Jun 05, 2007 17:53
So I got frustrated and resorted to facebook notes. Pathetic, I know, but I prefer typing my entries just because I can go back and add on, reword a few phrases to better the flow, or change the format right before I post to in order to facilitate reading.
Anyway, here's my entry from facebook (and from last night around midnight).
I feel weird not having it in my lj.
I feel a little bit old. Without school, I've had quite a bit of time to reflect. It's so strange thinking back to the beliefs I had as a freshmen, and, quite frankly, the thoughts I had even just last year.
I remember thinking so long ago that premarital sex, drugs, and alcohol were evil. Like actually evil. Still not a huge fan of drugs, especially hardcore ones, though I haven't tried any, but I don't think they're necessarily evil. Some, disgusting, but not evil. Which makes me think where I got the notion of it being evil. I've never been religious in my life so I wonder how my morals formed. My parents just recently gave me a sex talk, so it's not like I've been hearing that all my life. I also haven't been friends with the most religious of people my entire life.
Alcohol, I used to have a problem with people who used it. I don't know if I'm still as judgmental but in different areas, or if I've grown far more tolerant. Or perhaps I just got used to people drinking.
And sex. My opinion is constantly changing. For the longest time, I felt that you had to be in love before you did anything or it meant absolutely nothing, thus was useless. I felt that you had to wait until marriage for sexual intercourse for some strange reason.
I've been questioning where my morals came from for quite some time this year. It's just interesting how we change over time.
But now, I'm questioning why I've changed. I'm wondering if I wasn't so wrong about a few things. A first time, for sex anyway, is supposed to be special, right? Second, third, etc, I've been told don't really matter. Personally, I wouldn't know. I suppose I thought that sex had to have meaning. I see now that it's just an exchange of bodily fluids and satisfaction of hormones until it has meaning. Oh, and not to mention that before, if anyone did anything outside of a relationship, they were obviously sluts. Obviously.
And within questioning, I wonder why I question. Is it because I don't trust myself? Or is it because I'm genuinely interested behind the psychology of my mind?
And there's so much more I wonder about. I look back to my aspirations and compare them to the hopes I have now.

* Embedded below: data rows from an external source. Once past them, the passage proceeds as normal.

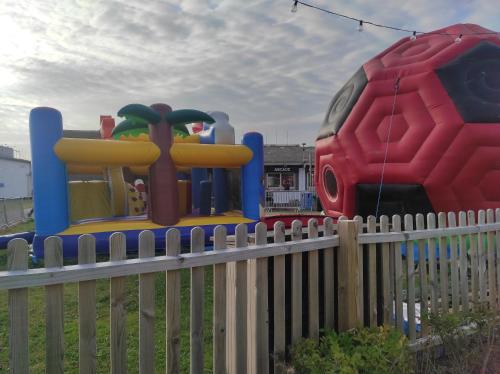 a fence with a playground equipment in a yard at 200 Breakaway Chalet in Scratby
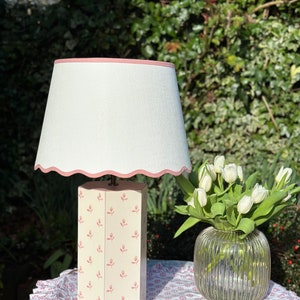 Op de afbeelding: Een witte lamp met een roze gegolfde rand op de lampenkap. De lampvoet is een witte achthoek met een roze bloemenpatroon. De lamp staat op een tafel met een roze bloemen tafelkleed.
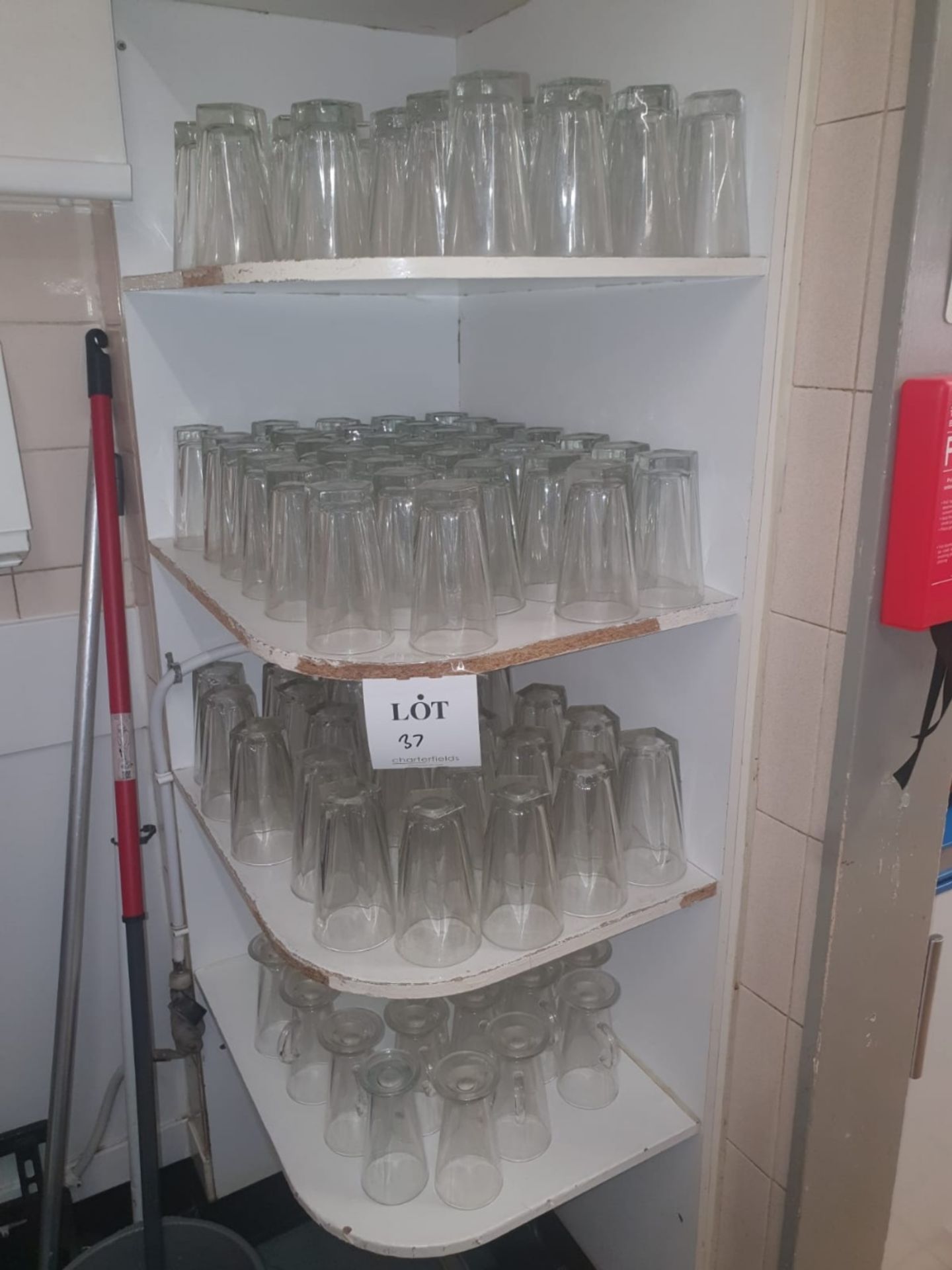 4 shelves of glassware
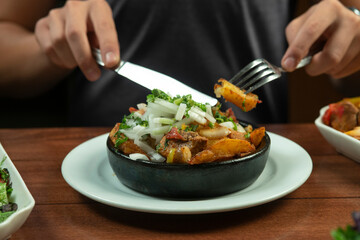 Man eating Beef stew with potatoes, carrots and herbs on black background with copy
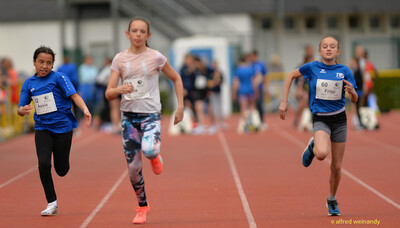 Drei Kinder sprinten mit Startnummern in ihren Bahnen beim Walfried-Heinz-Sportfest der TG Konz im Saar-Mosel-Stadion in Konz.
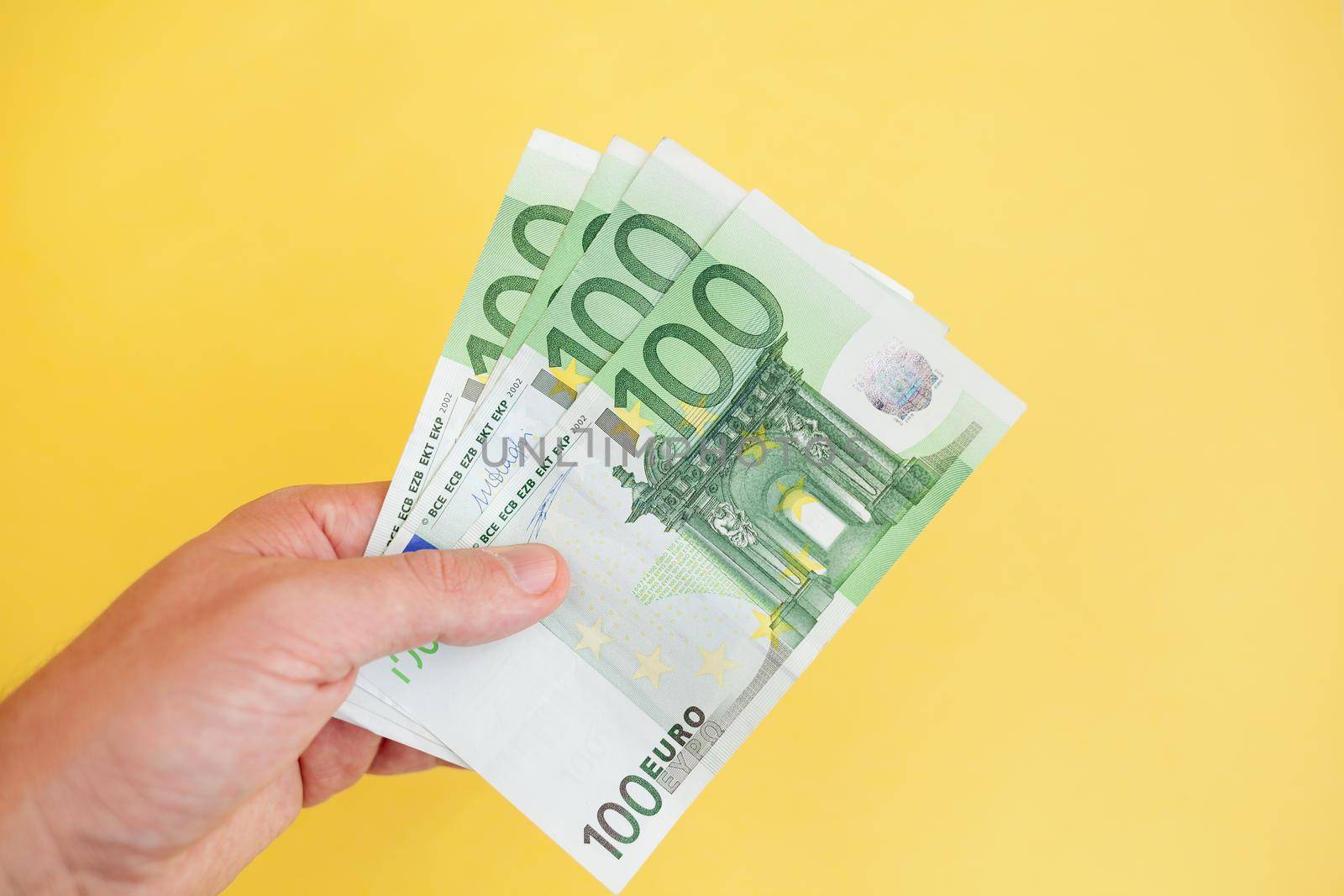 A man holds 100 euro banknotes in his hand on a yellow background. cash paper currency, payment, earning and savings, money and finance concept. Empty space for text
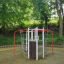 Orca steel structure playground equipment surrounded by greenery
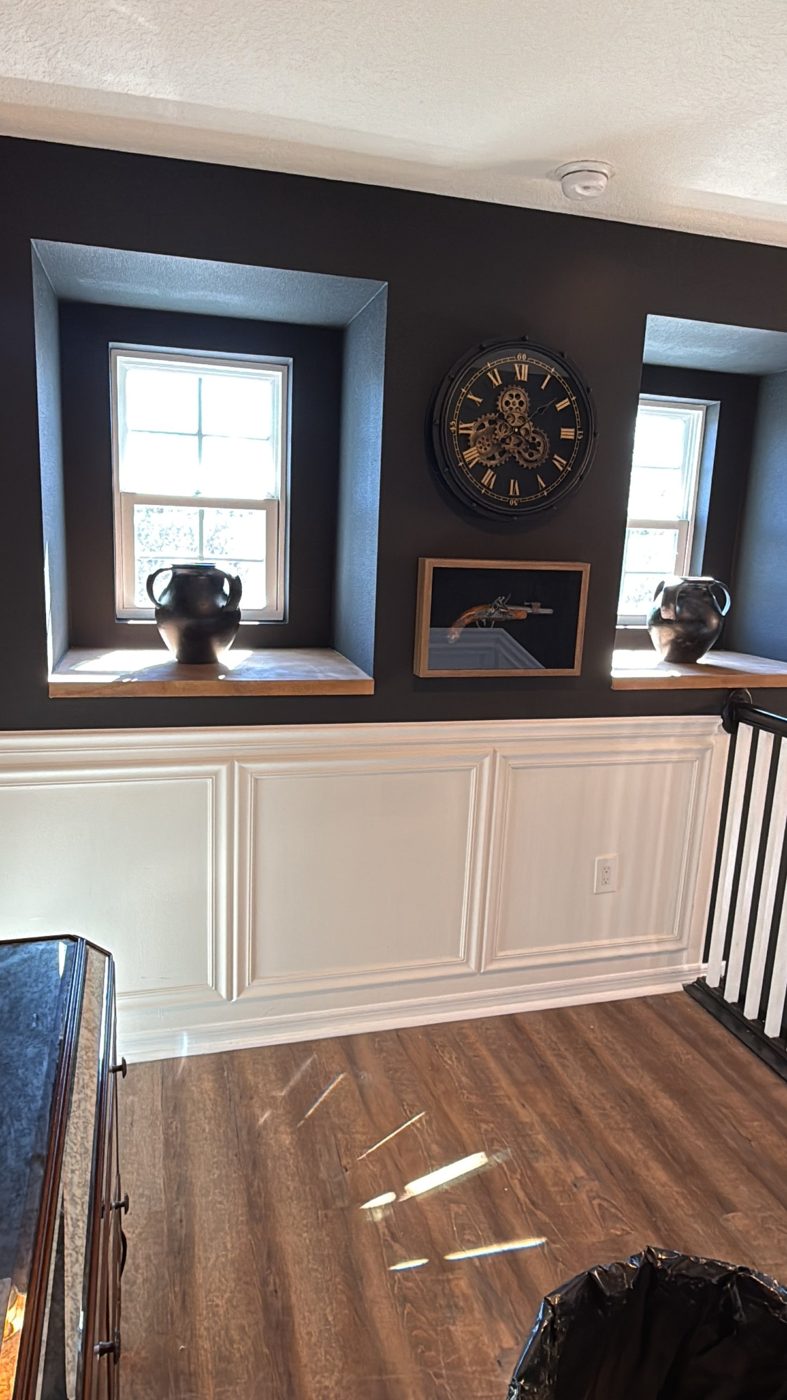 Loft with charcoal walls, deep window niches with wood sills and white wainscoting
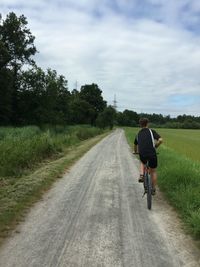 Rear view of man riding bicycle on dirt road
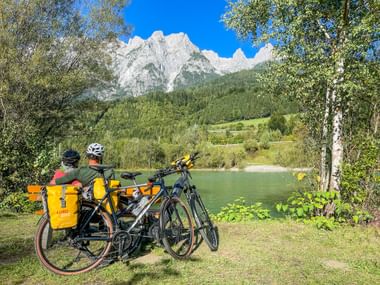 Two cyclists with yellow panniers rest by a green lake near Pfarrwerfen. Forested mountains rise behind them under a blue sky.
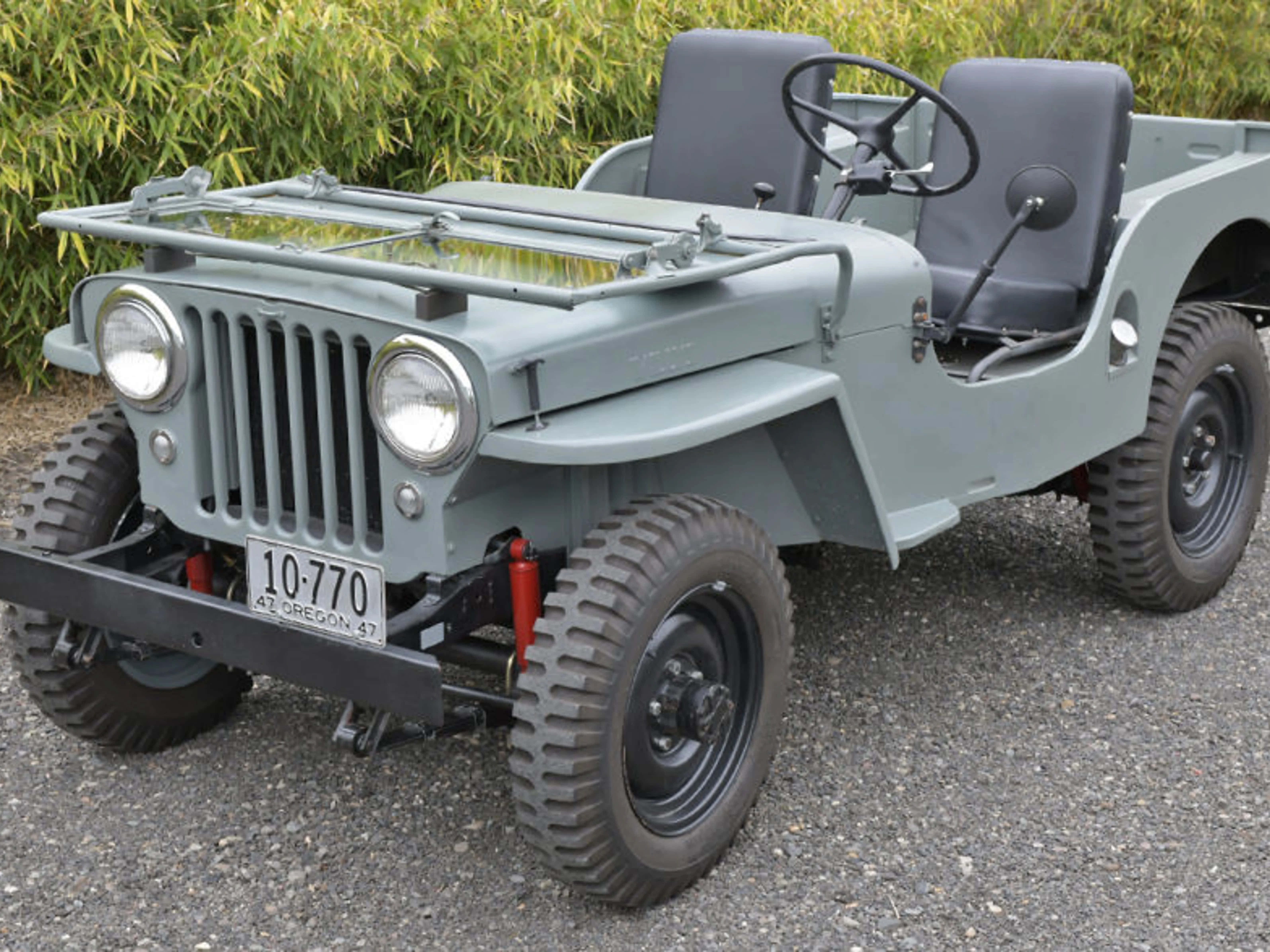 Jeep Willys 桌布 壁紙 — 一輛復古橄欖綠軍用吉普車，配備黑色輪胎和紅色避震器，停在碎石地上，旁邊有綠色竹子。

I've always wanted the perfect marriage with children, the white picket fence and the whole nine yards. Well, okay, maybe not so much the fence, but you know what I mean.
At first, I just wanted to be a stay at home mom. I've wanted to teach for a while. I also wanted to be a psychologist. Teaching is apparently winning at this point, but who knows where another four years will take me.
I thought I'd always stay here, in Oregon. I'd go far away for college, but end up back here. Well, I'm not going that far, but who knows where I'll end up.
I thought I'd have that one really meaningful romantic relationship by now. I guess it wasn't meant to be.
I never thought my father would be such an asshole. I never imagined getting hit or half of the verbal abuse I've been getting for the past four years.
I've always seen myself with a female best friend rather than a male one. Well, as feminine as Michael is, I'm pretty sure he's male. :P
I've also thought I'd have the ability to wake up early.
heh, writing this at this hour doesn't help that^ very much, now does it?